Of course that’s not the real world. The customer is empowered and has so many choices. There are so many suppliers. Most offer broadly the same services and buyer attention is limited due to the pressures of work. And, it’s pretty hard to reach the buyer in the first place due to data quality issues, voicemail, gatekeepers and so on.
With the above scenario, it’s is essential that telemarketers pick up on the buying signals that they receive from buyers. Too often these are missed. Below are our five reasons why cold callers fail to seal the deal.
They‘re too Interested in their own Sales Pitch
Cold calling has changed. In the good old days, you didn’t have the challenges of voicemail and ‘secretaries’ just put you through. Equally, often cold calls were the only way they found out about a particular product or service. Today’s buyer is time poor and flooded with marketing messages. There are so many suppliers to choose from.
In answer to these challenges, what does the typical ‘cold caller’ do? He or she resorts to a stiff and scripted sales pitch at which the buyer baulks. The reality is that the seller is so self-interested that they focus only on what they have to sell and not what the buyer needs. Therefore, they never get the chance to pick up on buying signals since they do most of the talking!
They Don’t Differentiate
As I mentioned above, in most markets there is a stack of competitors vying for business. It’s hard to differentiate. In service businesses, I often hear the proposition ‘we’re really good to deal with’ or ‘we give great service’. The problem is that everyone says that. The first few seconds of the call are critical. At that point, the caller must not only differentiate the product or service but must also set themselves apart from other callers. People still buy people and the caller has to be credible, compelling and engaging. They need to back that up with an opening line that instigates a two way dialogue. If there is two-way conversation, there is a better chance of picking up buying signals.

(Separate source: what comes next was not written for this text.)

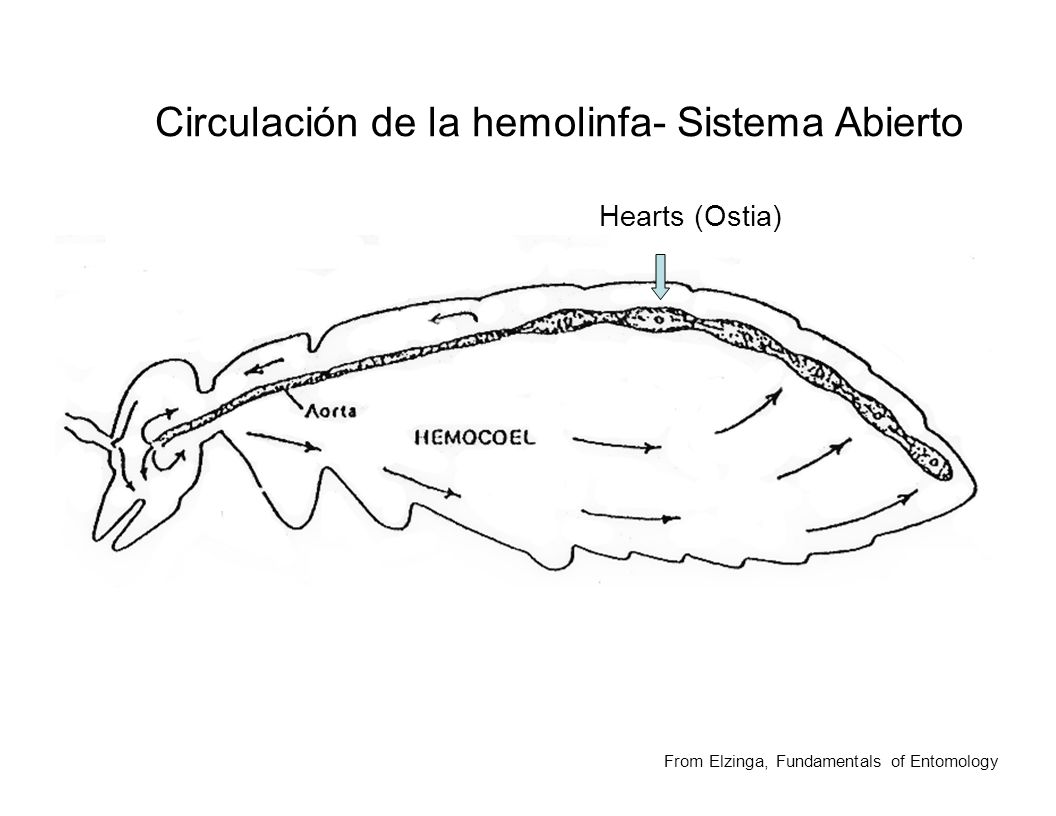 Circulación de la hemolinfa- Sistema Abierto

They Don’t Ask Good Questions
When running telemarketing training for clients, I always advise that a cold call should be a dialogue not a monologue. The only way that this can happen is if the seller knows how build rapport, to ask good questions that encourage the buyer to talk and to provide useable information for the sale. Good open and even closed questions illicit information that can enable the seller to focus in on challenges and to gauge whether the buyer has interest in solutions for those challenges. Without effective questions, the buyer will never find out what the buyer needs let alone identify buying signals.
They Don’t Listen
It stands to reason that good questions are of no material use if you don’t wait around for the answers before launching back into your sales pitch. A question isn’t a precursor to the pitch. It is an opportunity to understand genuine concerns that the buyer may have. It allows you to unearth issues that you can potentially resolve. It also ensures, hopefully, that you shut up thus enabling the prospect to talk. It’s only when they are talking that you can apply active listening and thereby pick up on potential buying signals.
They Can’t Manage Objections
As mentioned earlier, cold callers often spend too much time talking and not enough listening. This frustrates the prospect and opens the door to common objections. Whilst objections are a fact of life in telemarketing, they can be minimised by the caller focusing on buyer needs rather than their own. Providing information relating to typical buyer challenges can open up the dialogue. And, once in conversation, objections are much easier to deal with especially if the objective of the call is to set up a sales meeting. That’s always a good default position allowing a fuller face to face conversation around the subject matter. Sales people love to talk. The problem is that they try to ‘answer’ objections rather than clarify them. During the process of clarification and questioning, the seller is more able to build rapport that leads to identification of an opportunity. Jumping in and trying to ‘convince’ the buyer of the error of his or her ways may lead to alienation and conflict. That masks any potential buying signals. It is much better to once again ask good questions for clarification to see if there may be merit in further discussion at which time buying signals are more likely to be in evidence.